Here is a selection of Phyllis Nicklin's photographs and the images taken by myself and our volunteers as we walked around the area.
HOCKLEY BROOK, SALFORD: EARLY 1963 & AUGUST 2014
The original image (see above) shows the River Tame flowing beneath the old canal bridge. The Hockley Brook, which was clearly visible joining the river in 1963, is now obscured by greenery.
|By Albert Blakeway|
GEC IN WITTON FROM DULVERTON ROAD: 1968 & 2014
The following two images show the entrance to Witton's GEC, that in 1964 employed about 9000 people. Today (2014) the GEC is closed and most of its buildings have been demolished; though, the main building is listed, a gate post remains, as does a rather shabby looking electric lamp post (one of presumably many that would have lined the entrance). Around the back, along the canal, a chimney stands too.

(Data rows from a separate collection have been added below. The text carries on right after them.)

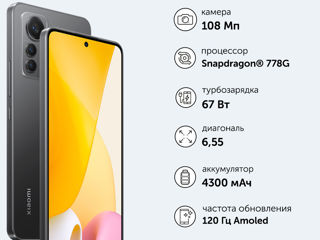 Xiaomi 12 Lite 5G 8/128GB. Новый запечатанный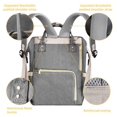 thumbnail image 2 of Diaper Bag Backpack Waterproof Large Capacity Insulation Travel Back Pack Nappy Bags Organizer, Multi-Function, Fashion and Durable,Gray, 2 of 9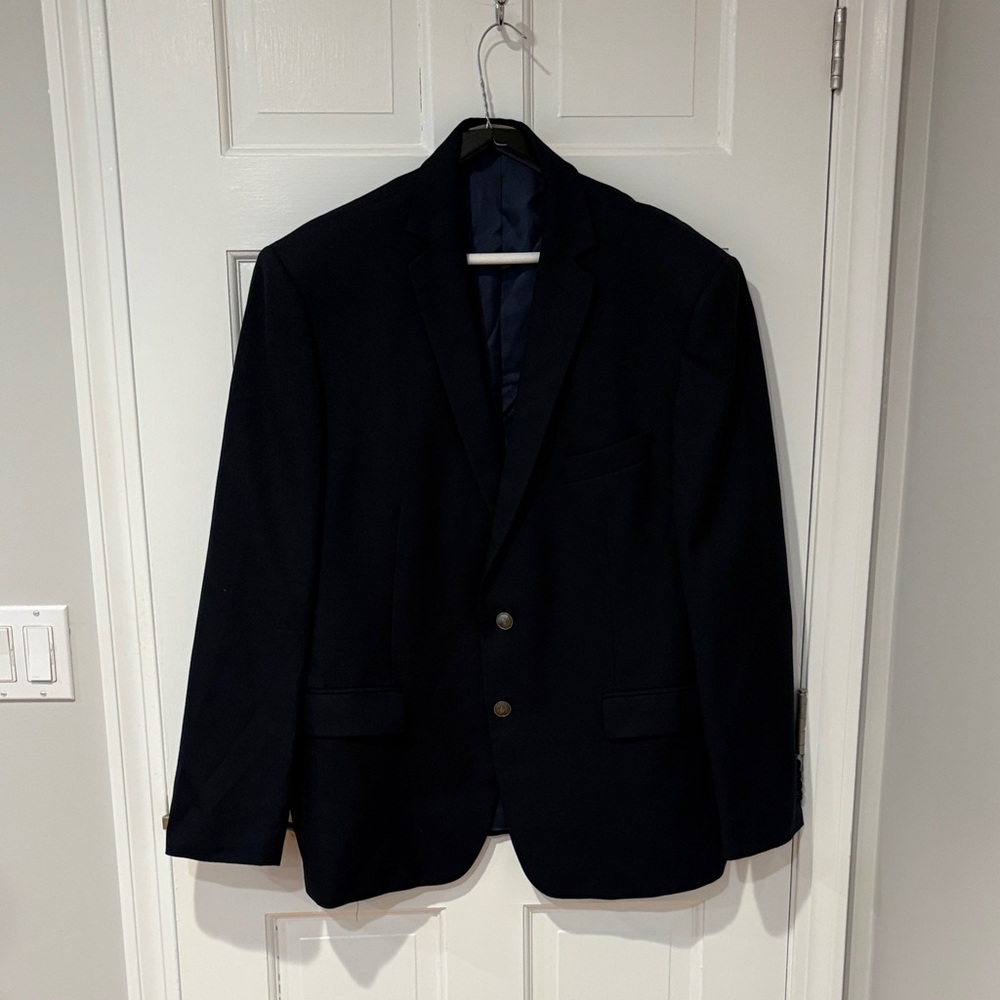 Joseph Abound Dark Navy Single-Breasted Sport Coat Blazer 46R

|GEC from Dulverton Road by Albert Blakeway|
|GEC from Dulverton Road by Si Hope|
|GEC from Dulverton Road by Jen Dixon|
TAME VALLEY CANAL, SALFORD: 1968 & 2014
The Tame Valley Canal follows the river, on and off, from Wednesbury. Here it cuts to the rear of the GEC in Witton and joins the Grand Union and the Birmingham & Fazeley canals at Salford Junction, now underneath Spaghetti Junction.